Before the excitement commenced in the second half, the visitors from the Pacific Southwest mapped out a blueprint of boredom, putting their entire team behind the ball in an effort to frustrate Columbus. The Crew’s record against foes from the Great White North speaks for itself, so the Whitecaps opted to bunker in with the hopes of obtaining a 0-0 Canadian Win.
“This is nothing surprising,” said Crew coach Robert Wazrycha. “I said before the game that they were going to come over here and defend, and that's what they did in the first half.”
The Crew had the lion’s share of the possession, but the Whitecaps succeeded in exasperating the home side.
“At halftime, I came into the locker room very upset,” said midfielder Dilly Duka. “We were definitely possessing it. We wanted to put them away in the first half, but they were barricaded in.
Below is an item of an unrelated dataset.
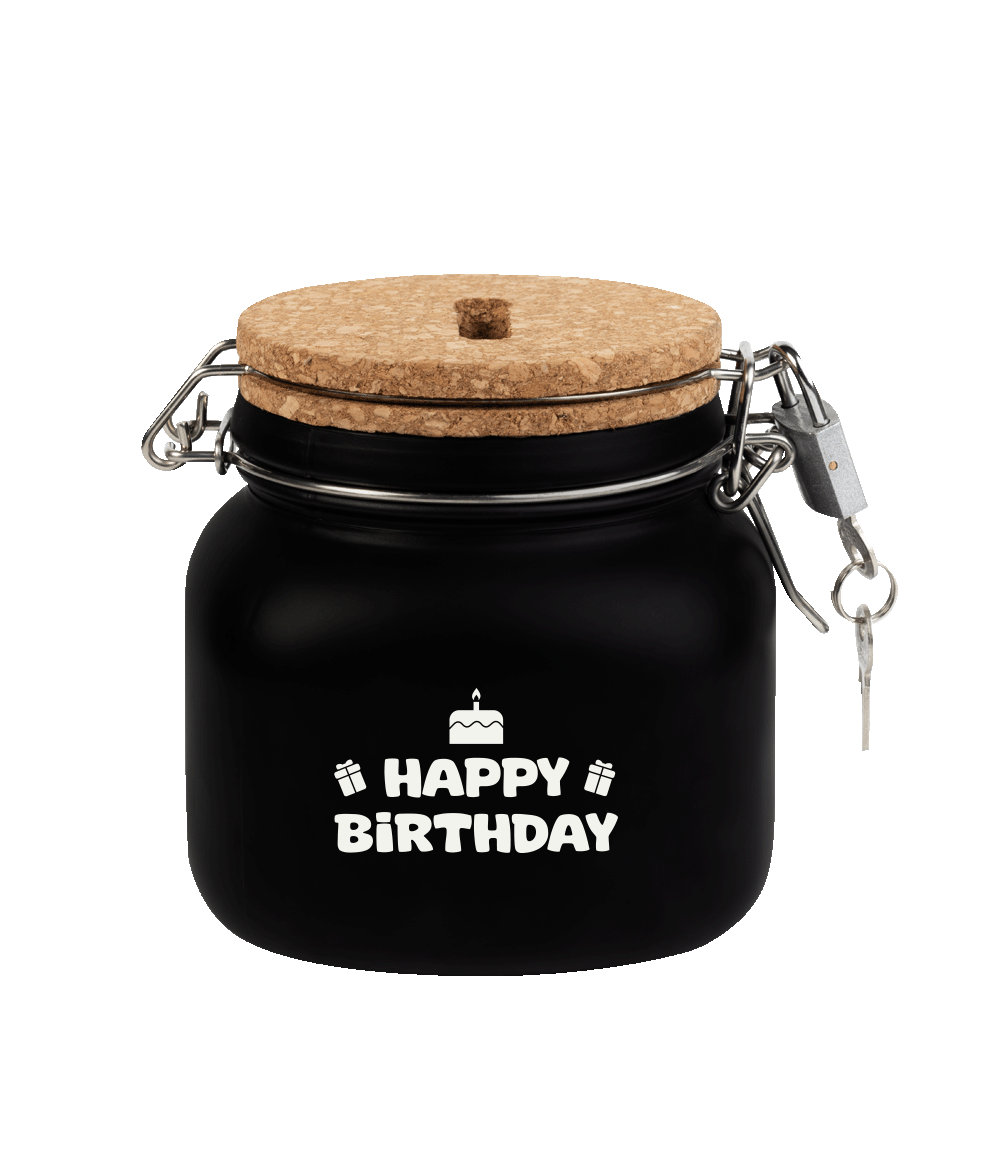 De luxe spaarpotten van Paper Dreams zijn perfecte cadeaus voor bijvoorbeeld Vaderdag, Moederdag of bijvoorbeeld een verjaardag. Deze luxe spaarpot - happy birthday is gemaakt van glas, is zwart van kleur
It was very annoying.”
For better and, at times, worse, the second half would be nothing like the first.
BUSTING THE BUNKER
The Crew wasted no time changing the game in the second half. In the 49th minute, Crew left back Josh Gardner beat three Whitecaps on the dribble before playing a ball to Robbie Rogers. Vancouver defender Jonathan Leathers broke up the pass, but deflected the ball toward his own net. Emilio Renteria hustled after the ball and got taken down by Whitecaps goalkeeper Jay Nolley for a penalty kick.
“It was a play started by Robbie,” Renteria said through an interpreter. “I went for the goal and the goalie wrapped his arms around my leg.”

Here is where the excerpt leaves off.